#ste||ar on 2020-05-03 — irc logs at irclog.cct.lsu.edu

2020-02-24 20:46 hkaiser changed the topic of #ste||ar to: STE||AR: Systems Technology, Emergent Parallelism, and Algorithm Research | stellar.cct.lsu.edu | HPX: A cure for performance impaired parallel applications | github.com/STEllAR-GROUP/hpx | Buildbot: http://rostam.cct.lsu.edu/ | Log: http://irclog.cct.lsu.edu/ | GSoC: https://github.com/STEllAR-GROUP/hpx/wiki/Google-Summer-of-Code-%28GSoC%29-2020

02:02 nikunj has quit [Remote host closed the connection]

02:02 nikunj has joined #ste||ar

02:29 hkaiser has quit [Quit: bye]

07:58 kale_ has joined #ste||ar

08:09 kale_ has quit [Quit: Konversation terminated!]

08:50 parsa has quit [Remote host closed the connection]

09:02 parsa has joined #ste||ar

09:56 mcopik has joined #ste||ar

09:57 mcopik has quit [Client Quit]

10:54 <Yorlik> Seems I just found an uncaught exception in HPX which caused my lockups: Scroll to end of https://gist.github.com/McKillroy/5f92e41f5c851d28408ca447e7dc8f09

10:56 nikunj has quit [Read error: Connection reset by peer]

10:56 nikunj has joined #ste||ar

10:59 nikunj has quit [Read error: Connection reset by peer]

11:00 <Yorlik> https://github.com/STEllAR-GROUP/hpx/blob/master/libs/algorithms/include/hpx/parallel/util/detail/handle_local_exceptions.hpp#L109

11:00 <Yorlik> Seems to be not caught and cause my parallel loop to hang and never exit.

11:01 nikunj has joined #ste||ar

11:01 <Yorlik> ms[m] ^^

11:02 gonidelis has joined #ste||ar

11:05 gonidelis has quit [Remote host closed the connection]

11:07 <Yorlik> Issue posted: https://github.com/STEllAR-GROUP/hpx/issues/4589

11:34 <heller1> Yorlik: so you eventually throw in one of your element functions?

11:35 <heller1> Did you try catching the exception yourself and see if that lockup persists?

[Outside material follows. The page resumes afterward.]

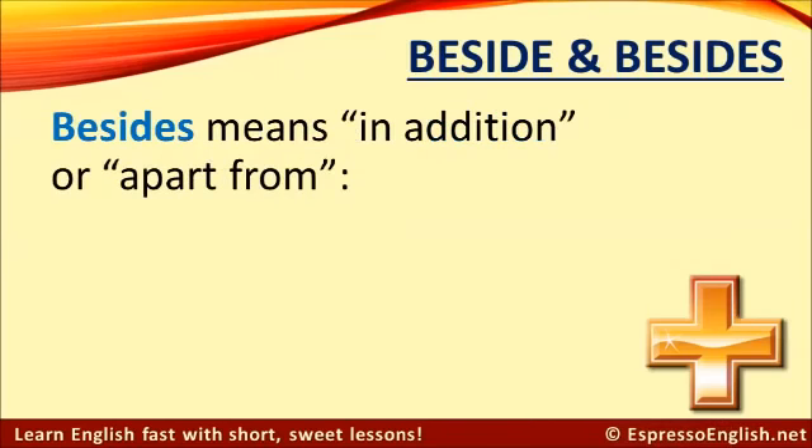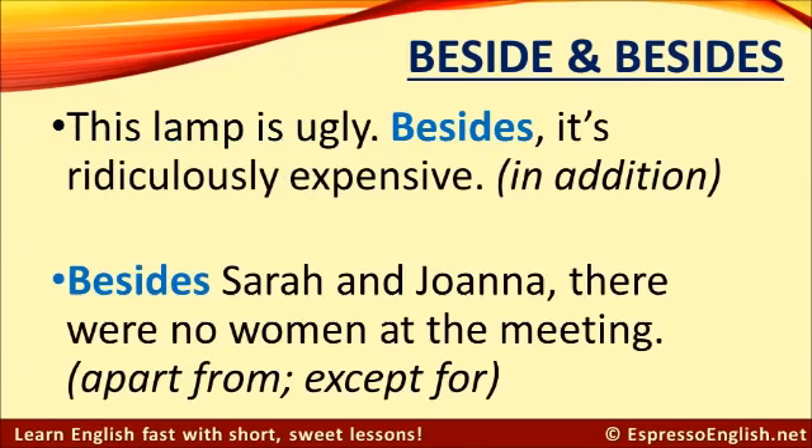The word 'besides' means in addition or apart from. For example: this lamp is ugly. Besides, it's ridiculously expensive. In this sentence, 'besides' means in addition.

12:53 hkaiser has joined #ste||ar

12:56 <ms[m]> Yorlik: what heller said + the question is how do you launch your parallel for loop? with par(task)? do you ever get() the value from the future?

13:30 <Yorlik> Allright - back. Had to take a nap for beauty and sanity :)

13:30 <Yorlik> I can add the callsite to the report ofc - I'll do that right away.

13:31 <Yorlik> And yes - there are occasions where I throw (standard exceptions like std::runtime_error) and catch the exception through the future. All futures are put into a list and checked for exceptions.

13:32 <Yorlik> If I didn't produce a bug, there should be not a single unchecked future. It has worked in the past.

13:37 <Yorlik> OFC I can't catch anything at the loop callsite, since nothing ever arrives there.

13:38 <Yorlik> heller1, ms[m], hkaiser ^^

13:39 <hkaiser> Yorlik: we'll need a small reproducing case

13:39 <hkaiser> Yorlik: our parallel algorithms all have tests for exception handling, so you must be doing something differently

13:40 <Yorlik> Whyt could I have done wrong? Forget to check a future and never call future.get() ? Or not catch when calling .get()?

13:43 <hkaiser> I'm not saying you did something wrong

13:43 <hkaiser> I said you do something in a way we do not test

13:43 <Yorlik> Probably. What I'm doing is std::move the futures between lists for delayed checking at the end of a frame.

13:44 <hkaiser> Yorlik: why did you close the ticket?

13:44 <Yorlik> Did I? Then it was an accident

13:45 <Yorlik> Sorry for that.

13:45 <hkaiser> ok, I'll reopen it

13:45 <Yorlik> Probably when trying to get that code sample in

13:45 <hkaiser> np

13:45 <hkaiser> now please tell me, where is that exception thrown? in update_entity<>?

13:46 <Yorlik> Must be

13:46 <Yorlik> But not in there probably

13:46 <Yorlik> Couzld also be inside the Lua Call stack

13:46 <hkaiser> so it's thrown in the loop body?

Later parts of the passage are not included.